But this bold-faced thievery beneath the bleachers embarrassed
Teddy. It was so obvious, so doomed to failure. Sometimes Teddy
thought that was the prize Jude wanted - not the money or the beer
or the cigarettes but the confrontation, the pleasure of testing the
limits. Jude was standing on tiptoe, umbrella still raised like a torch,
eyeing the spilled contents of a lady's bag. His tongue, molluscan
and veined with blue, was wedged in concentration in the cleft
under his nose.
"Hey," said someone.
Teddy tried to stand very still.
A pair of eyes, upside-down, was framed between the seats above
them. It took Teddy a few seconds to grasp their orientation - the
girl was leaning over, her head draped over the ledge. "What are you
doing?" she said.
Jude smiled up at her. "You dropped your umbrella."
"No, I didn't." The girl had her hands cupped around her eyes
now, staring down into the dark. No one else seemed to notice.
"It fell," Jude insisted, hoisting the umbrella up to the girl, his
arm outstretched, letting it tickle one of her fingers.
"Just give it back," said Teddy. It was the way Jude always made
him feel—tangled up in some stupid, trivial danger. Teddy closed
his eyes. He didn't have time to mess around; his mother was gone.
He needed money, more money than Jude could pickpocket with
an umbrella. His body clenched with his last memory of her - the
acrid, scotch-y stink of her vomit through the bathroom door; the
blathering hiccups of her sobs. Had she been crying because she
was leaving, or just because she was wasted?
Then the umbrella, the pointy part, speared him in the gut.
"Ow, man." Teddy opened his eyes.
"You were supposed to catch it," said Jude.
Teddy looked up into the bleachers. The girl was gone. But
a moment later, a pair of blue-jeaned legs appeared over the wall
behind them.
They watched as the girl jumped from the ledge, her jacket parachuting
as she plummeted. She landed feet first and fell forward to
catch her balance, then strutted a slow motion, runway strut in their
direction. She stopped a car length away and stood with her hands
on her hips, inspecting them. Her eyes were shining with disdain.
If you were a girl, Jude Keffy-Horn was a person you looked at,
hard, and then didn't look at again. His blue eyes, set wide apart,
watched the world from under hooded lids, weighed down by
distrust, THC, and a deep, hormonal languor.
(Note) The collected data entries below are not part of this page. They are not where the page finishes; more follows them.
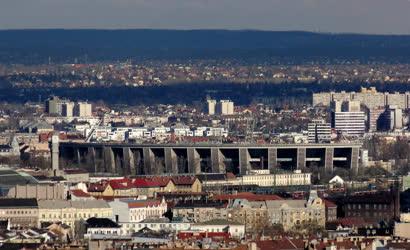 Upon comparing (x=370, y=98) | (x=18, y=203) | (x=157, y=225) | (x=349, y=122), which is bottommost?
(x=157, y=225)

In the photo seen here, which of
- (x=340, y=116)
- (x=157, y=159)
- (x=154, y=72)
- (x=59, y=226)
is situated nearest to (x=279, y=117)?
(x=340, y=116)

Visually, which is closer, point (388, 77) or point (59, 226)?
point (59, 226)

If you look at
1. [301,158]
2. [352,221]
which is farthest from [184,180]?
[352,221]

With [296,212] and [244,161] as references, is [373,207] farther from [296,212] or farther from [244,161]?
[244,161]

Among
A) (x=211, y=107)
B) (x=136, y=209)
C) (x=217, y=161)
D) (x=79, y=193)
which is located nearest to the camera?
(x=136, y=209)

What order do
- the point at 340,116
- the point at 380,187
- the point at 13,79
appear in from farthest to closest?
the point at 13,79 → the point at 340,116 → the point at 380,187

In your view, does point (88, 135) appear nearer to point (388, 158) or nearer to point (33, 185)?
point (388, 158)

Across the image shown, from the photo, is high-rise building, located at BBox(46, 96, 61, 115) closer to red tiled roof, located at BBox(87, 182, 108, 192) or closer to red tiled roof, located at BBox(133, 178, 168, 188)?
red tiled roof, located at BBox(133, 178, 168, 188) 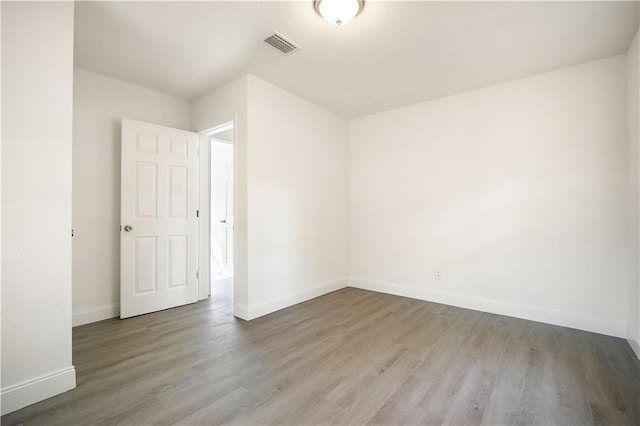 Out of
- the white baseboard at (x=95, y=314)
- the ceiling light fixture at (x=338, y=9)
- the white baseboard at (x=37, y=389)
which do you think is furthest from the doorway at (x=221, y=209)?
the ceiling light fixture at (x=338, y=9)

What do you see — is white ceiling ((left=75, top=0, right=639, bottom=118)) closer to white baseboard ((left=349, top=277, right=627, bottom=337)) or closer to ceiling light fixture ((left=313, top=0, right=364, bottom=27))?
ceiling light fixture ((left=313, top=0, right=364, bottom=27))

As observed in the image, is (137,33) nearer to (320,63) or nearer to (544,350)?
(320,63)

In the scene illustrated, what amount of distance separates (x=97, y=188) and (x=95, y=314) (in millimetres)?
1338

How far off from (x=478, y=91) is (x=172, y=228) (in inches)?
158

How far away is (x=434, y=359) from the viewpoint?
7.32 ft

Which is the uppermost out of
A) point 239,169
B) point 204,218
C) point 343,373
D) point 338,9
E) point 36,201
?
point 338,9

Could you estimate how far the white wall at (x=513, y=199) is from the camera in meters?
2.70

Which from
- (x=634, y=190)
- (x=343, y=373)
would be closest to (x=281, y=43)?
(x=343, y=373)

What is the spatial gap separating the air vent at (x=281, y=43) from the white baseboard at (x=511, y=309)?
A: 317cm

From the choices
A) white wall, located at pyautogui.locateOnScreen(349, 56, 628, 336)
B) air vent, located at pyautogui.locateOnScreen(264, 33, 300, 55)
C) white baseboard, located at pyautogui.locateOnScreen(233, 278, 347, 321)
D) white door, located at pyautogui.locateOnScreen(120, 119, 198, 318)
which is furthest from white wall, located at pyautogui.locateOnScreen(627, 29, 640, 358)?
white door, located at pyautogui.locateOnScreen(120, 119, 198, 318)

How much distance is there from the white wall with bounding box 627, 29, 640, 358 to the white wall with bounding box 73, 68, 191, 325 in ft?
15.9

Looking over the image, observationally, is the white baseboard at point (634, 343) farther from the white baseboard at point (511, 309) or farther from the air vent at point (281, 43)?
the air vent at point (281, 43)

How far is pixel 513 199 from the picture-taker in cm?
314

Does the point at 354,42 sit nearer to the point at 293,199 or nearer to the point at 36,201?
the point at 293,199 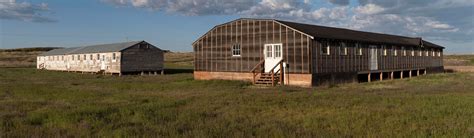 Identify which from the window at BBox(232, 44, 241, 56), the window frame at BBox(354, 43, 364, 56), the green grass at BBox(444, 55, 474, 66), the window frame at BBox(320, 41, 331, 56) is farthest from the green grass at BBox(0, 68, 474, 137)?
the green grass at BBox(444, 55, 474, 66)

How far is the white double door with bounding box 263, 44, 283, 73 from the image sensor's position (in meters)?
26.6

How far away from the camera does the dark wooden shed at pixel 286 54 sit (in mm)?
25358

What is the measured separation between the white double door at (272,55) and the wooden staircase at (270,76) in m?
0.32

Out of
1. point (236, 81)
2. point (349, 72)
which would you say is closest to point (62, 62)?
point (236, 81)

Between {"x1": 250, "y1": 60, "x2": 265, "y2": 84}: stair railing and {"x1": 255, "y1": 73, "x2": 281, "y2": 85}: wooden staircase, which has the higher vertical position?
{"x1": 250, "y1": 60, "x2": 265, "y2": 84}: stair railing

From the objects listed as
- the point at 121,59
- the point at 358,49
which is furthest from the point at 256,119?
the point at 121,59

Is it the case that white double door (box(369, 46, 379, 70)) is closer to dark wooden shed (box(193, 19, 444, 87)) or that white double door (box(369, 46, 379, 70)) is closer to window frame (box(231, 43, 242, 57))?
dark wooden shed (box(193, 19, 444, 87))

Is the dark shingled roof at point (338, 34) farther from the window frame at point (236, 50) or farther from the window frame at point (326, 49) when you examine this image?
the window frame at point (236, 50)

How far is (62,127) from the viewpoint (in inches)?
396

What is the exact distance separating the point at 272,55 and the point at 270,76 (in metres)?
1.55

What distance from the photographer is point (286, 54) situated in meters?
26.0

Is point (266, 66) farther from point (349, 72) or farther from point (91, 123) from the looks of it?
point (91, 123)

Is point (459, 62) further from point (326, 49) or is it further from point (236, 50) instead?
point (236, 50)

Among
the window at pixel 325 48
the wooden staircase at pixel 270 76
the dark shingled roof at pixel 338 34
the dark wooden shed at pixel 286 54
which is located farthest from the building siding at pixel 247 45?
the window at pixel 325 48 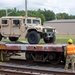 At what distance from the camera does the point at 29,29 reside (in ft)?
56.4

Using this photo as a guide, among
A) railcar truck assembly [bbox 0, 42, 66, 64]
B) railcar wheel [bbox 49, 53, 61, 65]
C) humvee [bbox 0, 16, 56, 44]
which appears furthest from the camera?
humvee [bbox 0, 16, 56, 44]

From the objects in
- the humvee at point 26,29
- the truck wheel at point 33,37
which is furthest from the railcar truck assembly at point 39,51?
the humvee at point 26,29

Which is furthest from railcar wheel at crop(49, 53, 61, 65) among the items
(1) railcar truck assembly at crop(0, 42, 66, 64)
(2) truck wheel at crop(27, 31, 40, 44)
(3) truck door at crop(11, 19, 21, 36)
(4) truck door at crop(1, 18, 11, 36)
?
(4) truck door at crop(1, 18, 11, 36)

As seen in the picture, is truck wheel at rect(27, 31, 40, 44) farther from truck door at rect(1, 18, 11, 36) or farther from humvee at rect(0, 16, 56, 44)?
truck door at rect(1, 18, 11, 36)

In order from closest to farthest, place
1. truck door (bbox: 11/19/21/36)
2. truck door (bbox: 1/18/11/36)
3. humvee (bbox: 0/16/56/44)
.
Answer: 1. humvee (bbox: 0/16/56/44)
2. truck door (bbox: 11/19/21/36)
3. truck door (bbox: 1/18/11/36)

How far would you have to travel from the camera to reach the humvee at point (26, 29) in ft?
55.2

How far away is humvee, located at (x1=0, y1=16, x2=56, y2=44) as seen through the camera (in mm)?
16812

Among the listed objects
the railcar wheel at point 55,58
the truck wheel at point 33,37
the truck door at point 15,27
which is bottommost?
the railcar wheel at point 55,58

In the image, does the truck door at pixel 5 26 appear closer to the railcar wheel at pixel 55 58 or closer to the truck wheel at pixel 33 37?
the truck wheel at pixel 33 37

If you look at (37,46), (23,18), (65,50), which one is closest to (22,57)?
(23,18)

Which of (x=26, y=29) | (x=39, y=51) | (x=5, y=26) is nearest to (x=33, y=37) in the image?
(x=26, y=29)

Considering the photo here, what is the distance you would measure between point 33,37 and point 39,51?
1.24 m

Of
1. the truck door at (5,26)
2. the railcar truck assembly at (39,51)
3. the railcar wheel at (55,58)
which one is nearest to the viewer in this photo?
the railcar truck assembly at (39,51)

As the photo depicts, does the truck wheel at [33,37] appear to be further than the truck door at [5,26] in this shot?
No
A passing stranger
would not have guessed them to be the eyes of a hyperactive teenager
with attention deficit disorder, but his mouth, which rarely rested,
betrayed him. He was thin in the lip, fairly broad in the forehead, tall
and flat in the space between mouth and upturned nose, the whole
plane of his face scattered with freckles usurped daily by a lavender
brand of acne. He wore not one but two retainers. He wasn't tall,
but he was built like a tall person, with skinny arms and legs and big
knees and elbows that knocked around when he walked. He wasn't
bad looking. He was good looking enough. He was the kid whose
name you knew only because the teacher kept calling it. Jude. Jude.
Mr. Keffy-Horn, is that a cigarette you're rolling?
Teddy shared Jude's uniform, his half swallowed smirk, but due
to the blood of his Indian father (Queen Bea was purebred white
trash), his hair was the blue-black of comic book villains, his
complexion as dark and smooth as a brown eggshell. By the population
of Ira Allen High School he was rumored halfheartedly to be Jewish,
Arab, Mexican, Greek, and most often, simply "Spanish." When
Jude had asked, Teddy had told him "Indian," then quipped, nearly
indiscernibly, for he was a mumbler, "Gandhi, not Geronimo." With
everyone else, though, he preferred to allow his identity to flourish in
the shadowed domain of myth. Teddy's eyelashes were long, like the
bristles of a paintbrush; through his right eyebrow was an ashen scar
from the time he'd spilled off his skateboard at age ten. Then his face
had been cherubic; now, at fifteen, it had sloughed off the baby fat
and gone angular as a paper airplane. He had a delicate frame; he had
an Adam's apple like a brass knuckle; he had things up the sleeve of
that too big coat - a Chinese star, the wire of a Walkman, a cigarette
for after class, which he was always more careful than Jude to conceal.
What's that kid up to?
That was the way the girl was looking at both of them now, under
the bleachers. "What are you people doing down here?"
Jude stabbed the umbrella into the ground. "Hanging out."
"Are you smoking marijuana?"
"You can't smell it," Jude said. "We're out in the open."
"Can I have my umbrella, please?"
"Why? It's not raining."
"It's supposed to snow, for your information."
"Oh, for my information, okay. It's a snow umbrella." Now he
was pretending that the umbrella was a gun. He held it cocked at his
hip, the metal tip against his cheek, ready to shoot around a corner.
"Jude," Teddy said. "Over here."
He clapped his hands, and Jude obediently, joyfully tossed him
the umbrella.
"Motherfucking monkey in the middle!" said Jude.
Teddy walked three paces toward the girl, head down, and
returned it to her.

(Continues...)



Excerpted from Ten Thousand Saints by Eleanor Henderson Copyright © 2012 by Eleanor Henderson. Excerpted by permission of Ecco. All rights reserved. No part of this excerpt may be reproduced or reprinted without permission in writing from the publisher.
Excerpts are provided by Dial-A-Book Inc. solely for the personal use of visitors to this web site.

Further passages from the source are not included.